*Task statement*. Return only the lines from the top of the material through the line marked by "Černý krajkový top", unaltered.

┄┄┄┄┄┄┄┄┄┄┄┄┄┄┄┄┄┄┄┄

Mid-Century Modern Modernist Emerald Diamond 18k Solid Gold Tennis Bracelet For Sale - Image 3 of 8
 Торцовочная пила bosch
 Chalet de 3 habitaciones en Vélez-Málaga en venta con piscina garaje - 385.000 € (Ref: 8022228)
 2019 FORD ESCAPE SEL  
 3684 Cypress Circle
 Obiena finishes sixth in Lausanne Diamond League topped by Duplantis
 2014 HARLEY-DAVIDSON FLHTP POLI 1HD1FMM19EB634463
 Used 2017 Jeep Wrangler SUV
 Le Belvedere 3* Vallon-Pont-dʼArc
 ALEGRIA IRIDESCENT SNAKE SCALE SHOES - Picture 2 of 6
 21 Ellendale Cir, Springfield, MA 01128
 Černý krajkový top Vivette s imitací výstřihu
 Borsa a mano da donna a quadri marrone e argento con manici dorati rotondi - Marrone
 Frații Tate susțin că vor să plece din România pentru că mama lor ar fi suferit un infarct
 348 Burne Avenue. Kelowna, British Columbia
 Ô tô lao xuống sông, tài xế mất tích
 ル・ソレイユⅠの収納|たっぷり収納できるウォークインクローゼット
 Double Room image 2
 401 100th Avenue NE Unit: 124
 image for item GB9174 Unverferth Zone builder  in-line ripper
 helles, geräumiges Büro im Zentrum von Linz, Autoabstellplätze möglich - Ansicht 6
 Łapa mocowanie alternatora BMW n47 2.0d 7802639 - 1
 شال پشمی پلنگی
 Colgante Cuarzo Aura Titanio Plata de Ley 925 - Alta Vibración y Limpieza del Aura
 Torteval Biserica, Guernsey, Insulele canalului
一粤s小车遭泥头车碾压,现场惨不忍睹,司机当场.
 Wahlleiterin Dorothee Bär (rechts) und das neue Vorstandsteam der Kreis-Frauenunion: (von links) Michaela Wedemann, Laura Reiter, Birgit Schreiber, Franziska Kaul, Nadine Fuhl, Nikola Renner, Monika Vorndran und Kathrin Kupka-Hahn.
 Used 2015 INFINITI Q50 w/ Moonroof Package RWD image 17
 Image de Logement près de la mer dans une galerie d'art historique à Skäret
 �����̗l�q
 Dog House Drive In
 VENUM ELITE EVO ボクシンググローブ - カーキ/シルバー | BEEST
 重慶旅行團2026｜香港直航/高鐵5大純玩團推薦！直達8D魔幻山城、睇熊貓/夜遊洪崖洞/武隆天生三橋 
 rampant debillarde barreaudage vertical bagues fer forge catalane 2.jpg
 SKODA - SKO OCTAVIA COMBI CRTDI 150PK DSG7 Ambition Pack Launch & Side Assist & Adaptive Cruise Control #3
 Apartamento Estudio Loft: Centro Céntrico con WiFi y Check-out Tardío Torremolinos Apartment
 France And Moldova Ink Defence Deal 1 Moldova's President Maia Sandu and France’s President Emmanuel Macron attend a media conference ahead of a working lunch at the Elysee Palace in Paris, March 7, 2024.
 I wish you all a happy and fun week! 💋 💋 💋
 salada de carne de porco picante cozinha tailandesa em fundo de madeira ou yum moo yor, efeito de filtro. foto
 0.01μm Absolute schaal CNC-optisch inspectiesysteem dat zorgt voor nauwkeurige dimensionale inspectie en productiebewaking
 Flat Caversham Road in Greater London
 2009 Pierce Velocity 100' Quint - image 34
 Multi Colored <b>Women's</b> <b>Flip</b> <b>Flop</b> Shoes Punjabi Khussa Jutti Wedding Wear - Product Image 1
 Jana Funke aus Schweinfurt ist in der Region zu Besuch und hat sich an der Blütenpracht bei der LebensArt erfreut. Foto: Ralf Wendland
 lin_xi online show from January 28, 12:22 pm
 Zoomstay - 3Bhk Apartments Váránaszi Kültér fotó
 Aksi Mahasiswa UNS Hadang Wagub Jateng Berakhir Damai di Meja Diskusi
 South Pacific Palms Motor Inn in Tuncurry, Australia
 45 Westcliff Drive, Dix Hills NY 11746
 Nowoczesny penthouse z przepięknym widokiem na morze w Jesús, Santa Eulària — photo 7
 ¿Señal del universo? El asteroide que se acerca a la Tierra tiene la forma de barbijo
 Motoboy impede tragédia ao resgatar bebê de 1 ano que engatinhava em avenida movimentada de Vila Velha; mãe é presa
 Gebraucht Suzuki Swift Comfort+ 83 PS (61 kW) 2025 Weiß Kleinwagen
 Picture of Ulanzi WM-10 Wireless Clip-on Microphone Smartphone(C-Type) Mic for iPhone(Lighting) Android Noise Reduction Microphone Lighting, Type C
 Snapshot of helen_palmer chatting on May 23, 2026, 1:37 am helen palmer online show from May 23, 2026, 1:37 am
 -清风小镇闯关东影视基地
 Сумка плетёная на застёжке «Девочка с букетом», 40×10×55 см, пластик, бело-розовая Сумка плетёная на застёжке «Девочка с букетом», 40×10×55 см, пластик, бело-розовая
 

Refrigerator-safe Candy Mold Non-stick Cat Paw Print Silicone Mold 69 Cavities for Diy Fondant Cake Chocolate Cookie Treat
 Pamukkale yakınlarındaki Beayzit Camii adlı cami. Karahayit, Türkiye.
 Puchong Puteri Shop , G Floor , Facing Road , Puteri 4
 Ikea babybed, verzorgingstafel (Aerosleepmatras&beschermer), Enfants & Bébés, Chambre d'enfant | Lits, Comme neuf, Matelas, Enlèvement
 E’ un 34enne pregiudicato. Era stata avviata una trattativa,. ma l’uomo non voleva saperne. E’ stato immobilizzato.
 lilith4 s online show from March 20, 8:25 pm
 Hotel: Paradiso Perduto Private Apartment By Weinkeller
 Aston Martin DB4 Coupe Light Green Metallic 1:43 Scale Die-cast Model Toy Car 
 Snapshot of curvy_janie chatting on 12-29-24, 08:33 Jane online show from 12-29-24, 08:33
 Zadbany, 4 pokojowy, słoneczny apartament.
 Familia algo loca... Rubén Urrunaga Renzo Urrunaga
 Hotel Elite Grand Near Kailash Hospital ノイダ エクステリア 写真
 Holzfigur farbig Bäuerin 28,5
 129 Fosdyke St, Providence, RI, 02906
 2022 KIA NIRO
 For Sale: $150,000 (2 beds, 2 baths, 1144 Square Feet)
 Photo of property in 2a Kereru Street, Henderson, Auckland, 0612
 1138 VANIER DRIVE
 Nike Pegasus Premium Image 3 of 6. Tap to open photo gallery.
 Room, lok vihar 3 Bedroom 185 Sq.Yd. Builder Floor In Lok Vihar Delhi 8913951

┄┄┄┄┄┄┄┄┄┄┄┄┄┄┄┄┄┄┄┄

*Output of the task*.
Mid-Century Modern Modernist Emerald Diamond 18k Solid Gold Tennis Bracelet For Sale - Image 3 of 8
 Торцовочная пила bosch
 Chalet de 3 habitaciones en Vélez-Málaga en venta con piscina garaje - 385.000 € (Ref: 8022228)
 2019 FORD ESCAPE SEL  
 3684 Cypress Circle
 Obiena finishes sixth in Lausanne Diamond League topped by Duplantis
 2014 HARLEY-DAVIDSON FLHTP POLI 1HD1FMM19EB634463
 Used 2017 Jeep Wrangler SUV
 Le Belvedere 3* Vallon-Pont-dʼArc
 ALEGRIA IRIDESCENT SNAKE SCALE SHOES - Picture 2 of 6
 21 Ellendale Cir, Springfield, MA 01128
 Černý krajkový top Vivette s imitací výstřihu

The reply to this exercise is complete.